*TASK DESCRIPTION*
An exact copy of every record below is required, with the pictures left out.

MATERIAL SUPPLIED section start

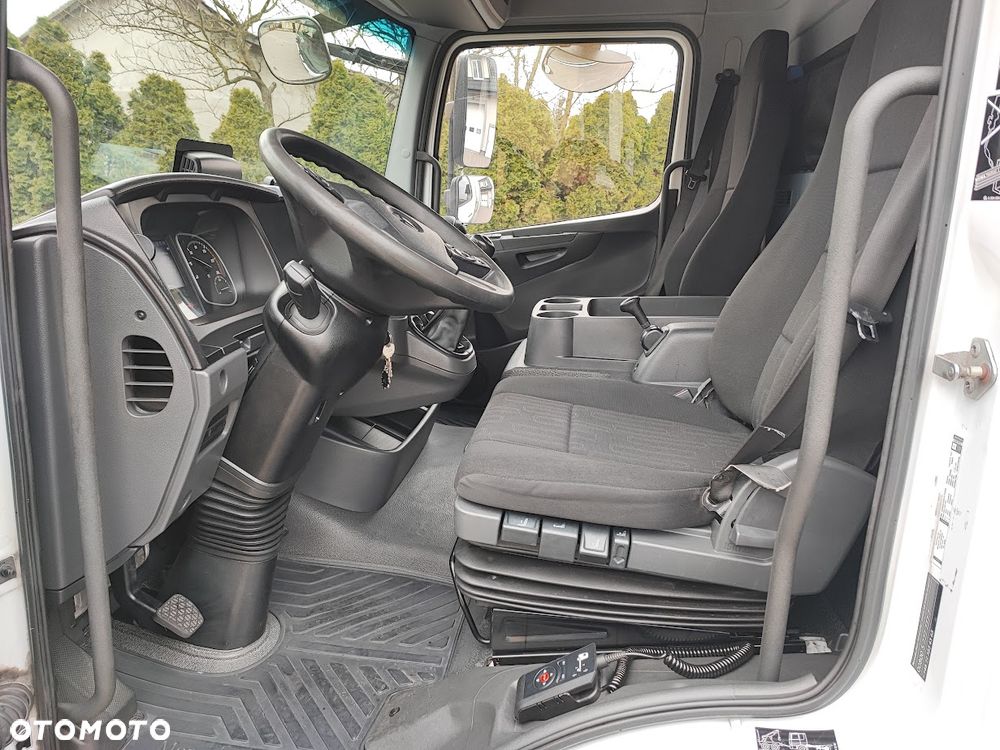 Mercedes-Benz ATEGO 1221 - 15
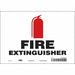 Safety Sign 7 in x 10 in Vinyl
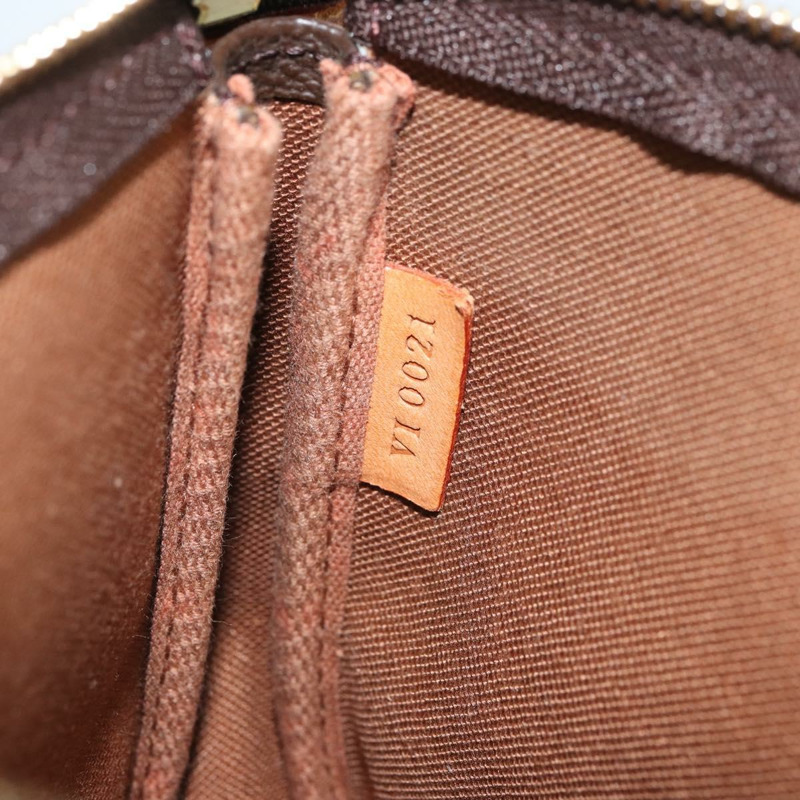 【日本直送】路易威登 Monogram 手拿包配件袋 M51980 LV 正品 166510-11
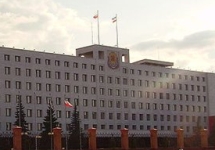 Здание правительства Марий-Эл. Фото с сайта mari-el.name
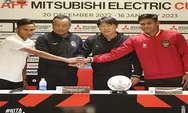 Komentar Shin Tae Yong dan Ryo Hirose Jelang Pertandingan Indonesia vs Kamboja di Piala AFF 2022 Besok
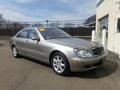 Pewter Metallic - S 500 4Matic Sedan Photo No. 7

MATERIAL SUPPLIED section end

*WRITTEN RESPONSE*
 Mercedes-Benz ATEGO 1221 - 15
 Safety Sign 7 in x 10 in Vinyl
 【日本直送】路易威登 Monogram 手拿包配件袋 M51980 LV 正品 166510-11
 Здание правительства Марий-Эл. Фото с сайта mari-el.name
 Komentar Shin Tae Yong dan Ryo Hirose Jelang Pertandingan Indonesia vs Kamboja di Piala AFF 2022 Besok
 Pewter Metallic - S 500 4Matic Sedan Photo No. 7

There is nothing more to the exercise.